Thai firms face credit risk, says S&P
High earnings, funds act as safeguards
The credit quality of some Thai companies is projected to erode over the next 12 months due to a strong appetite for acquisitions and elevated capital spending, says Standard and Poor's Ratings Services (S&P).
However, high earnings and robust financial access are corporate strengths that will safeguard against credit risks, it says.
Thai companies have been among the most active in acquisitions among Asean companies and most of the massive deals over the past two years have been debt-funded, said Xavier Jean, S&P's director of corporate ratings for Asia-Pacific.

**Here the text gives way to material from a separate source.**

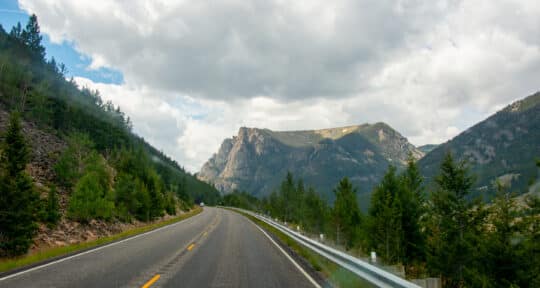 How to safely—and calmly—drive on steep mountain roads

High capital expenditure and dividends are factors contributing to an increase in debt for Thai companies, with S&P projecting their capital spending in the first quarter was 10% higher than a year earlier.
Companies continue to spend a lot of money because of their expansion strategy and have a fairly high distribution of dividends, so inflows from their operations are growing less as outflows continue to grow, said Mr Jean.

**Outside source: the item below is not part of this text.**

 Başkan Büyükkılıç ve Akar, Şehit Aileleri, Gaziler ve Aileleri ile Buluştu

"What we see is that they will generally finance this gap [between inflows and outflows] with debt since debt [refinancing] is so cheap. We think debt is likely to continue growing and, as a result, credit quality is likely to continue weakening," he said.
The 100 companies S&P surveyed in six Asean member states are estimated to have accumulated a debt of US$270 billion, with 20% from the bond market and the rest from bank loans. The 20 surveyed Thai companies had a net debt of $40 billion.
Despite the deteriorating credit outlook, high corporate earnings, strong brand recognition and sound access to financial sources are deemed as cushions against Thai companies' credit quality, said Mr Jean.
On average, companies in Asean can service their interest expenses with their earnings by about eight times, while the debt-service ratio for Thai companies is 6.5 times. This allows companies to withstand a major shock such as a hike in interest rates, says the S&P report.
However, the scenario is completely different for medium-sized companies as their market access and financial sources are more limited, said Mr Jean.
Michael Seewald, managing director and analytical manager for corporate ratings in Asia-Pacific, said Thai conglomerates and their subsidiaries have been active in acquisitions, so their balance sheets are sometimes stretched.
"Growth strategies of Thai conglomerates can be unpredictable, creating risk," he said. "Their financial reporting can be difficult to interpret."